*** INPUT Section Begins ***

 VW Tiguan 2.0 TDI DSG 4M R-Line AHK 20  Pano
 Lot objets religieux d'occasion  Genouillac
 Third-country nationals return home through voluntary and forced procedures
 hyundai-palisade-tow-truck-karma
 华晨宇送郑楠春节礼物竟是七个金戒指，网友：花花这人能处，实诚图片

*** INPUT Section Ends ***
*** INPUT Section Begins ***

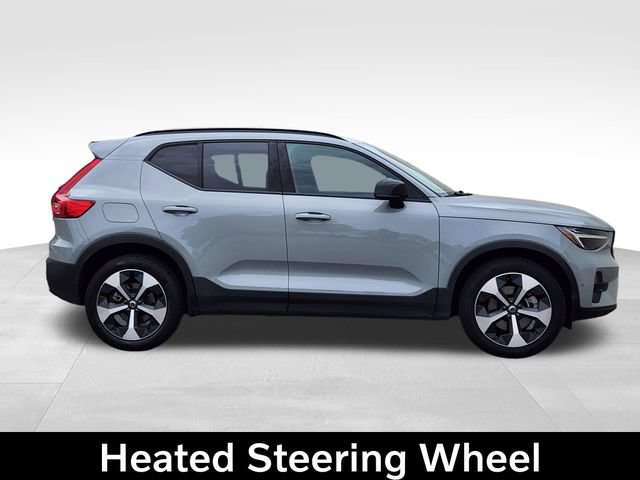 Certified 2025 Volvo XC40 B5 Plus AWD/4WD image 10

*** INPUT Section Ends ***
*** INPUT Section Begins ***

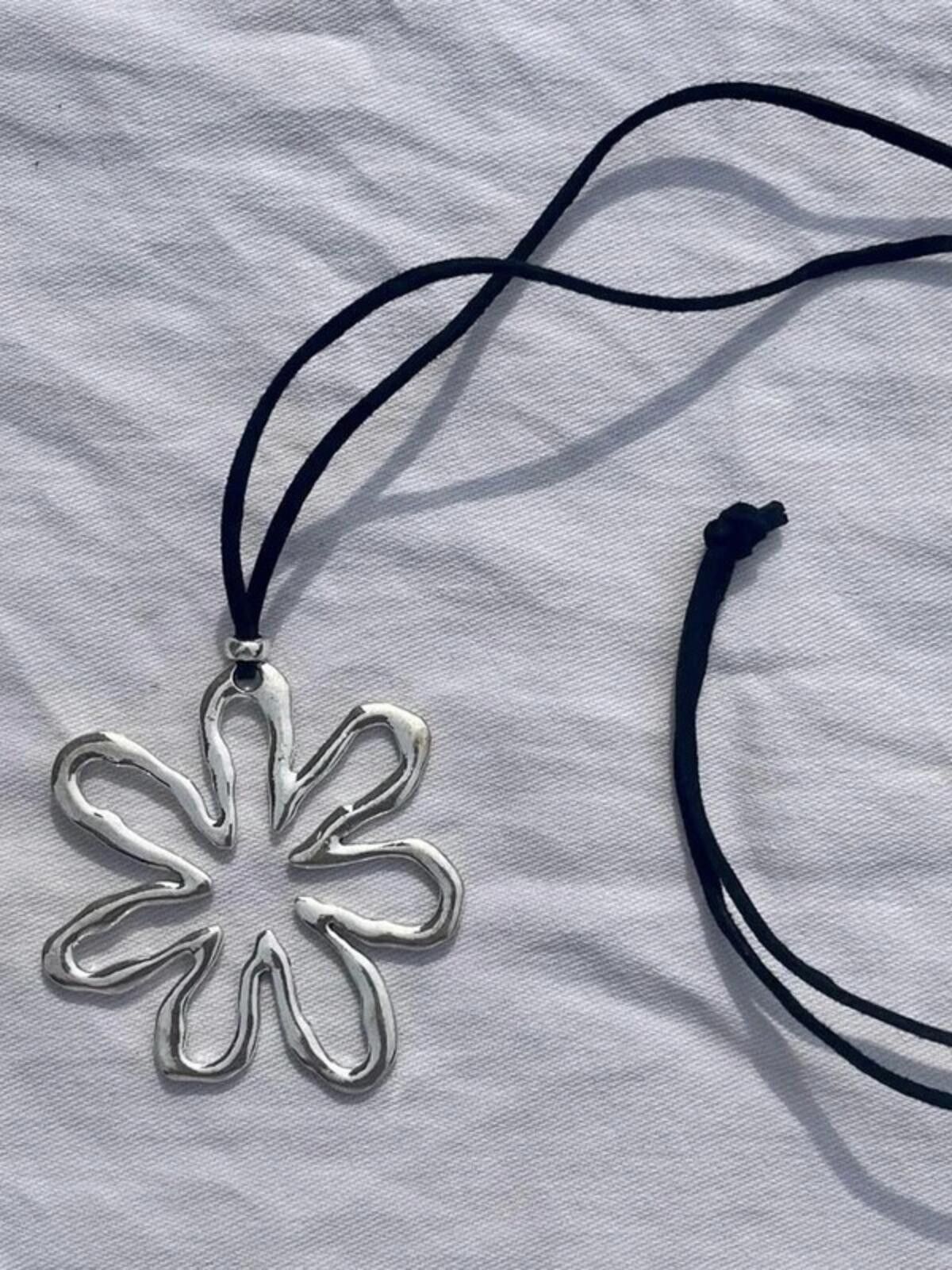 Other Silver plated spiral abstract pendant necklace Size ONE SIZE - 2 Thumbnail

*** INPUT Section Ends ***

TASK PROMPT -
Above are the records; from them, give again exactly the lines from the one containing "VW Tiguan 2.0" to the one containing "华晨宇送郑楠春节礼物竟是七个金戒指，网友：花花这人能处，实诚图片", both lines included, and nothing more.

SOLUTION TO THE PROBLEM -
 VW Tiguan 2.0 TDI DSG 4M R-Line AHK 20  Pano
 Lot objets religieux d'occasion  Genouillac
 Third-country nationals return home through voluntary and forced procedures
 hyundai-palisade-tow-truck-karma
 华晨宇送郑楠春节礼物竟是七个金戒指，网友：花花这人能处，实诚图片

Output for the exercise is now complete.